Third, and perhaps most important, is speakers for some reason often give up valuable negotiation positions right out of the gate with their payment terms. I’ve seen speakers offer, in their initial proposal, payment terms of ‘half now, half 30 days prior to the event’ of something similar. For the love of god and your bottom line, why?? Think as a business owner: Is money better off collecting interest in your bank account or theirs? This is why we establish the best position to start off with in our payment terms of ‘full fee due upon execution of this document to secure the date on my calendar.’ If the buyer can’t/won’t pay full fee up front, now you have leverage you wouldn’t have if you start negotiating from a weaker position. Of course I’m willing to accept less-advantageous payment terms for my speaking gigs, but you better believe I’m asking for something in return (testimonials, guaranteed referrals, extra nights on site, etc.).
Fourth, speakers are usually horrendous at driving scarcity and immediacy with their keynote sale. ‘Whenever you get around to making a decision, let me know,’ is a great way to live feast-to-famine in a business model. Personally, I want to know whether those event dates are locked in or whether I can release them sooner, rather than later. To achieve that in the proposal itself, we offer to place a ‘soft hold’ on those event dates until X date when they expect to make a decision (more on that below).

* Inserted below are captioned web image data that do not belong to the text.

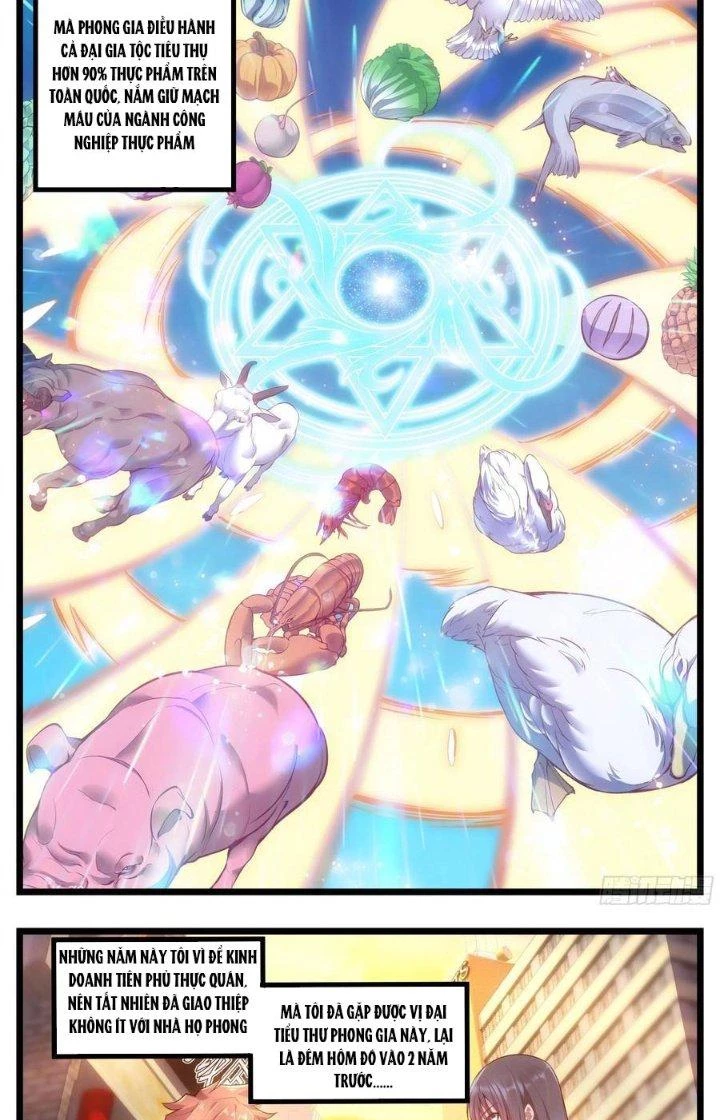 Thực Linh Vương Chapter 29 - 10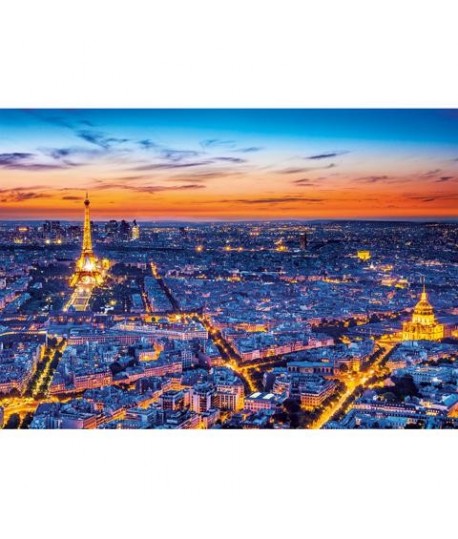 CLEMENTONI 31815 PZL 1500 PARIGI VIEW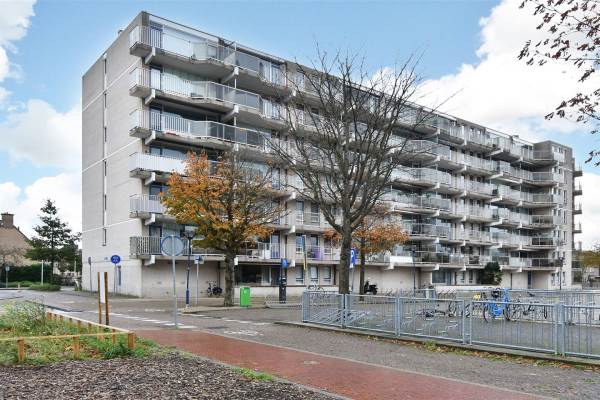 Woning Parijsstraat 13 + PP 76 Zoetermeer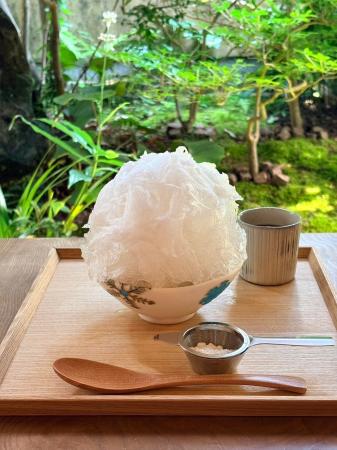 なぜ和菓子屋が「天然氷のかき氷」をつくるのか。京都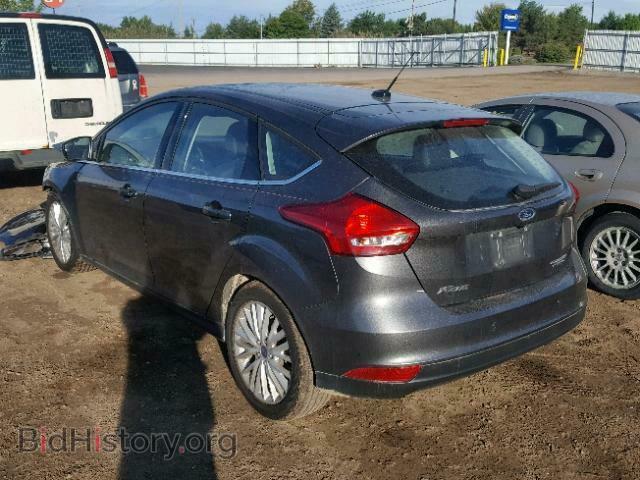 2015 FORD FOCUS - VIN: 1FADP3N21FL304234 - Фото 3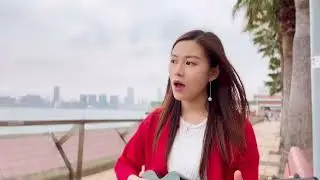 The Moon Song  | Karen O (Axity Chong 莊易羚 Cover)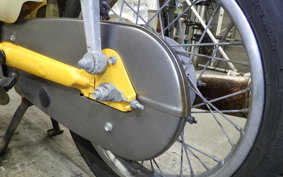 HONDA LITTLE CUB AA01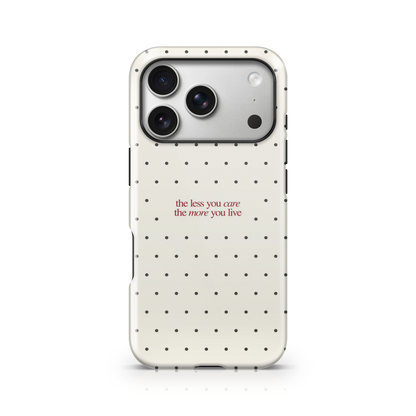 Soft Care Phone Case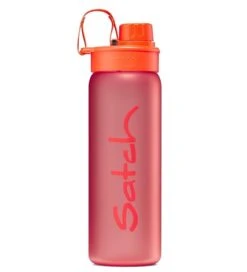 Satch Water Bottle - 650 ML - Orange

This accomplishes two things: Lets buyers know I am a professional and respect my time and theirs, and gives me a reason to reach out before and on X decision date to follow up.
Finally, speaker proposals often don’t have a clearly defined call-to-action that gets payment in the mail (usually the case with discussion document-type proposals). Speakers will sometimes write, ‘please let me know if you have any questions and we’ll look forward to hearing from you.’ That’s a lovely way to write a proposal if you’re running a heavily subsidized non-profit, but if you’re running a business, make the decision simple and obvious: Sign here, send money there by X date.
After The Proposal
After the proposal is sent, there’s really only one step we want the buyer to take – sign it and return it to us along with payment. Unfortunately, many speakers lengthen their closing process by not setting themselves up for success after the proposal is sent.
During the sales conversation, we always ask when they’ll be locking in a speaker for the event we’re discussing, so we can get their proposal to them in plenty of time for review. That date also determines our follow-up date. About a week prior to their ‘decision date’, we ensure our CRM tags us to reach out via phone to our decision maker so we can answer any questions, ensure they have all they need to make a decision, etc. While some may consider that as a pushy move (if so, you must be new to Speaker Sales Systems), we’ve more often gotten the feedback of ‘Oh, thanks for reminding me – XYZ came up but I’ll get that proposal back to you today!’
Sweet music to any professional speaker’s ears. While proposals aren’t sexy in and of themselves – if they’re well done they generate more impact and income for speakers. That, my friends, is as sexy as it gets.